ASSIGNMENT — The material below contains a line with "Kia pride из Кореи Encar" and a line with "雅乐轩利马米拉弗洛雷斯酒店(Aloft by Marriott". Copy exactly those two lines and all lines between them.

LISTED ENTRIES —
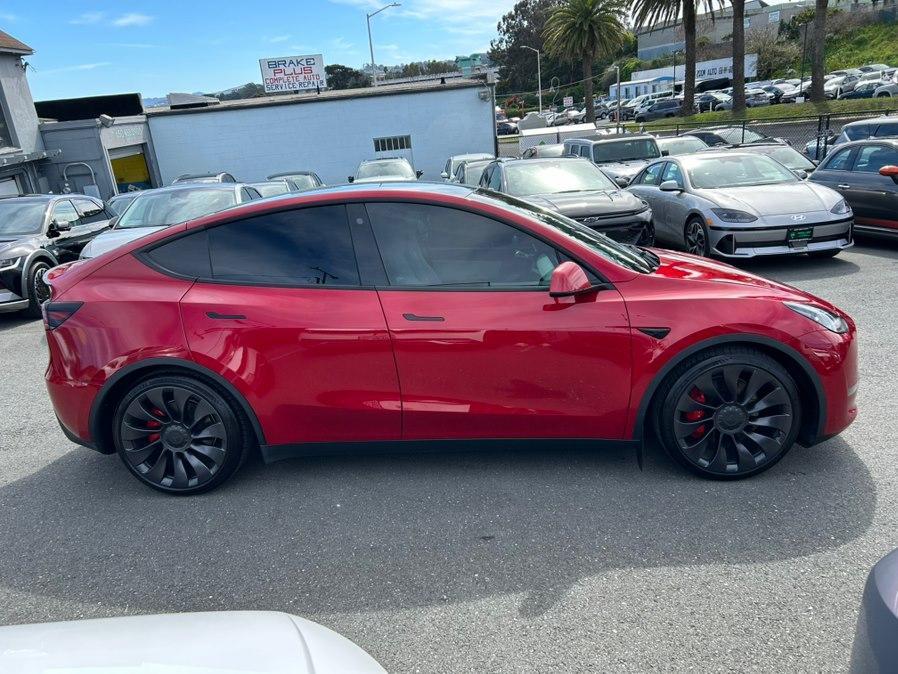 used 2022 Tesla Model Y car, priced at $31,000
==
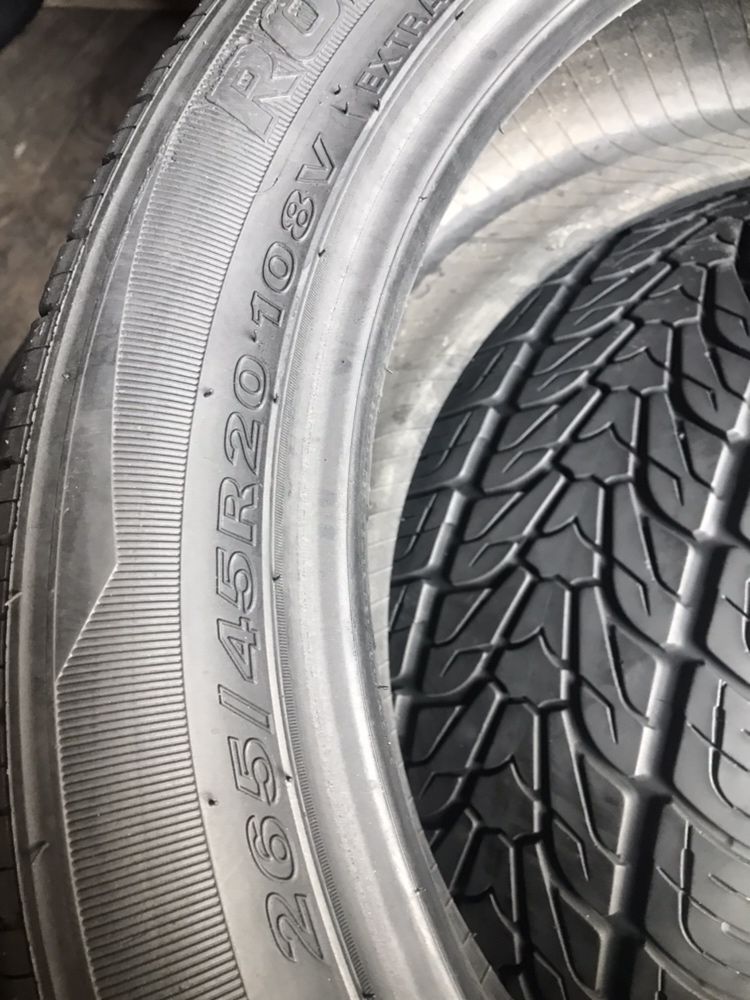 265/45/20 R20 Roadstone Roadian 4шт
--
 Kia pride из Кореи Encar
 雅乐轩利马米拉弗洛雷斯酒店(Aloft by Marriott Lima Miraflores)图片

RESPONSE —
 Kia pride из Кореи Encar
 雅乐轩利马米拉弗洛雷斯酒店(Aloft by Marriott Lima Miraflores)图片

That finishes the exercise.